A look at where we've come since 9/11, and the quest for a 'forever normal.'

After the events of Sept. 11, 2001, my wife and I pondered whether it was right to honor an arrangement to go to New York in October to meet with friends. With the encouragement of New Yorkers wanting to see their city get back to normal, we decided to keep our plans.

We were pleased to be there, but things were far from normal. As we turned a corner on a sightseeing bus, tears welled up in the tour guide's eyes. "This is the location from where we would have first seen the Twin Towers," he said. In the distance, instead, there was – to quote Bruce Springsteen's song, "Cautious Man" – "nothing but road"! The wrenching emotion of seeing that physical gap was an example of what was "not normal" in what was being called "the new normal."

There was a more positive "not normal" interlude farther along the tour. The guide – a proudly Jewish New Yorker – pointed out a Muslim community center. Would he have done so a month before? I don't know. What definitely would not have happened earlier was the spontaneous, eloquent speech he gave. He explained that Muslims are New Yorkers, too, and that they are a vital and integral part of the city's cultural mix. He said the terrorists were exceptions and that we mustn't hold the events of 9/11 against Islam.

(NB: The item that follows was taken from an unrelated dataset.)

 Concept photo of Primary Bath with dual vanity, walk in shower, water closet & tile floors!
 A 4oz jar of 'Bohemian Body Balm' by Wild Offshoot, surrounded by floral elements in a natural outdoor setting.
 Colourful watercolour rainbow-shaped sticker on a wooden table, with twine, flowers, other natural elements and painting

My heart melted at his inclusive and impassioned words.

As Sept. 11 arrives this year, it's tempting to focus on the past. What about the present? Today, like all days, countless couples are celebrating wedding anniversaries. Some of those are silver, gold, or even platinum commemorations. Precious new babies are being born to glad parents. Today, like every day, billions of people, from different cultures around the globe will spend their day supporting others through work, family, and community, or as loving neighbors and friends. Today is a day of much love being expressed in a rich tapestry of diverse lives.

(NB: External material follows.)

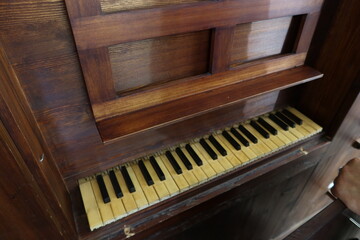 Fototapeta na wymiar Castaño del Robledo, Huelva, Spain, June 22, 2023: Keyboard of the 18th century pipe organ from the Santiago el Mayor church in Castano del Robledo, Huelva, Spain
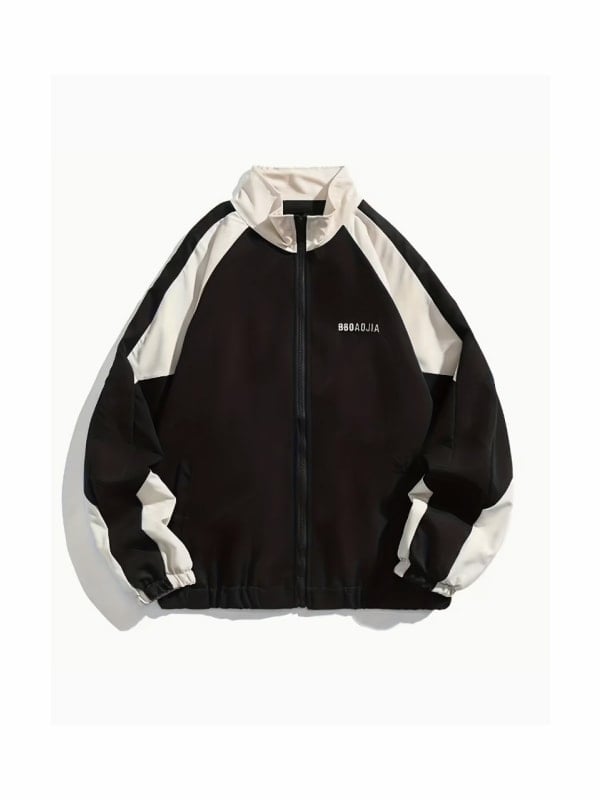 Black and cream colour-blocked retro track jacket with a stand collar and small chest text logo, displayed flat on a light grey background.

Is it "pie in the sky" to value that? I don't think so. To me, it's a kind of prayer. One way of praying, in the words of the Bible, is to "magnify" the goodness of God in our thoughts. A psalm, for instance, says "I will praise the name of God with a song, and will magnify him with thanksgiving" (69:30). To me that doesn't mean exaggerating goodness or ignoring evil. It means noticing the goodness we'll miss if we are transfixed by evil. Sensibilities can get dull to the good going on when something bad clamors for attention. Yet good is going on constantly. Indeed such everyday goodness was going on globally, even as the 9/11 tragedy played out in New York, Pennsylvania, and in Washington, D.C.

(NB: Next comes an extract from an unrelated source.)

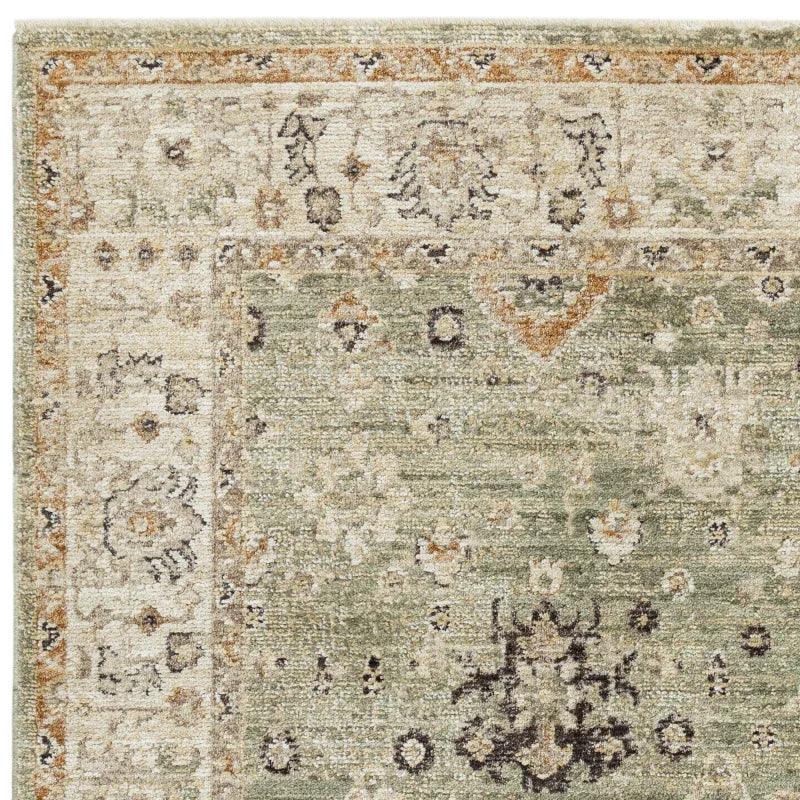 Corner detail of green patterned area rug with cream and beige floral motifs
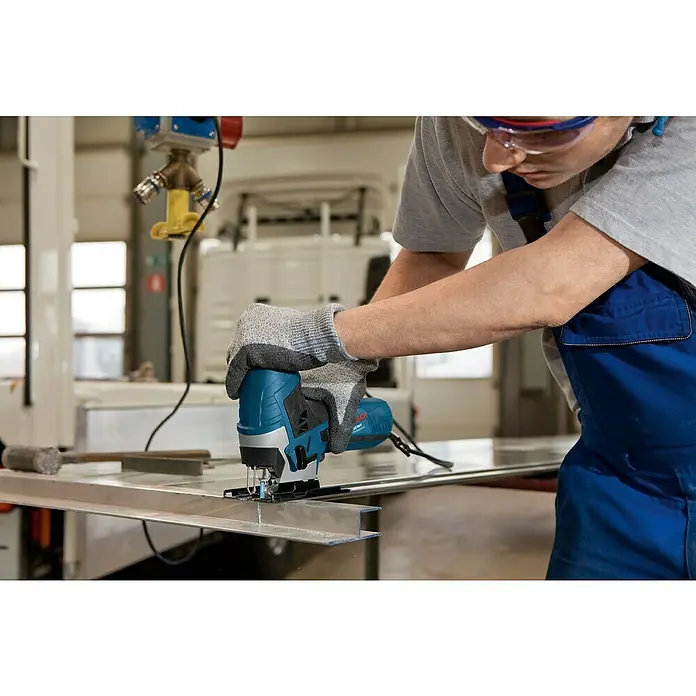 Bosch Professional Elektro-Stichsäge GST 90 E - 500 /min - 3.100 /min - Eine Person schneidet ein Metallprofil mit einer blau-schwarzen Bosch Stichsäge, Handschuhe und Schutzbrille tragend.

In this age of "the new normal," prayer that magnifies goodness is needed to help heal the immorality of terrorism. In her book on prayer-based healing, Mary Baker Eddy, the founder of this newspaper, described how to destroy depraved appetites, which would include willful violence. She wrote of gaining mastery over the body through the divine Mind, God. She explained, "This normal control is gained through divine strength and understanding" ("Science and Health with Key to the Scriptures," p. 406).

Zeroing in on the good that's going on around us can be a steppingstone to thought that glimpses how the ever-presence of that Mind – infinite good – is revealing its mastery over evil to every heart and mind. It can help support that spiritual awareness in others, which enables them to open their heart to the forever normal of sinless self-control. That is, to relinquish the unspiritual temptation to commit violence and instead to become a part of the forever normal of lives lived in love; expressed in family, community, and across cultures.

As for that New York tour guide. I hope he feels the same way now as he did then. I hope his heartfelt humanity is still exuding the love for Muslim New Yorkers that he expressed then. I have a feeling that's just how he normally is.